TRY IT: Copy out each line from the material where the word "fridge" is found.

RECORDS SUPPLIED:

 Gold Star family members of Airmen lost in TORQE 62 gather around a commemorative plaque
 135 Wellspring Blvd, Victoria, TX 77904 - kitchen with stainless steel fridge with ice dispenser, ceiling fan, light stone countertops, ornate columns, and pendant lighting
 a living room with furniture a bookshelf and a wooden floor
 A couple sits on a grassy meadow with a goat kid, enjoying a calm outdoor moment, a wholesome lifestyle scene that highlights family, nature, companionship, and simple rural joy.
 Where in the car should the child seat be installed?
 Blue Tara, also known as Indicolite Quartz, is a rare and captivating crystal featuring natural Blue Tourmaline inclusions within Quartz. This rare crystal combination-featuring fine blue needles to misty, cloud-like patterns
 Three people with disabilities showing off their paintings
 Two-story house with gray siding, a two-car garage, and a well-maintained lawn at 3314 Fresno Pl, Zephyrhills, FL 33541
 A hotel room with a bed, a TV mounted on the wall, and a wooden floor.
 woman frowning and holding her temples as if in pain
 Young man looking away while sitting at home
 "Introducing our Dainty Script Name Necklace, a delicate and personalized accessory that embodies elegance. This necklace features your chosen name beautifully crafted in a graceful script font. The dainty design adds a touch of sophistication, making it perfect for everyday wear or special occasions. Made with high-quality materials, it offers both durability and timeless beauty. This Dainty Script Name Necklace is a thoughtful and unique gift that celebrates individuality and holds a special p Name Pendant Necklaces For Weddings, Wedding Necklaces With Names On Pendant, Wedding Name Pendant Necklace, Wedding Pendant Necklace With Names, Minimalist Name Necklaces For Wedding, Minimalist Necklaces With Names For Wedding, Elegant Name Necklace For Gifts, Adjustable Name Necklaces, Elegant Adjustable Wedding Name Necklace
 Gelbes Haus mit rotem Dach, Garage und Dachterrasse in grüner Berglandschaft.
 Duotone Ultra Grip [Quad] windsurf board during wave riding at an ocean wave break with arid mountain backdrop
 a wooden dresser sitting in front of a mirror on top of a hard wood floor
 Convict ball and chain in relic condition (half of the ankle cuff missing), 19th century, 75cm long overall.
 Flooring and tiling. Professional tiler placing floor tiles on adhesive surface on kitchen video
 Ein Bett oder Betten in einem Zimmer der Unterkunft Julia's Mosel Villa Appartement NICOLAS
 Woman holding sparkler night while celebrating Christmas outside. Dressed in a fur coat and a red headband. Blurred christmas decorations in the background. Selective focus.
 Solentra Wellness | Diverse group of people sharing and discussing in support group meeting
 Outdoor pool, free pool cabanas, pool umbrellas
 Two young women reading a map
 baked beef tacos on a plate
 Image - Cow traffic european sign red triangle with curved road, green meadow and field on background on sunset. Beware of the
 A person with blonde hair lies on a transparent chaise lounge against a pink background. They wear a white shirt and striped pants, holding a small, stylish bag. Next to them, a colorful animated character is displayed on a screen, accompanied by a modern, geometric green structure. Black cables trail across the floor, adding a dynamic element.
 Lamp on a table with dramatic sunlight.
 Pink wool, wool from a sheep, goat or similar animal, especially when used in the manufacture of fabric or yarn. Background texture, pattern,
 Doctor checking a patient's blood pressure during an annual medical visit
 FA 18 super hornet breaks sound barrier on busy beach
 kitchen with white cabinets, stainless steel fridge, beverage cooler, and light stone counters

SOLUTION FOR THIS PROBLEM:
 135 Wellspring Blvd, Victoria, TX 77904 - kitchen with stainless steel fridge with ice dispenser, ceiling fan, light stone countertops, ornate columns, and pendant lighting
 kitchen with white cabinets, stainless steel fridge, beverage cooler, and light stone counters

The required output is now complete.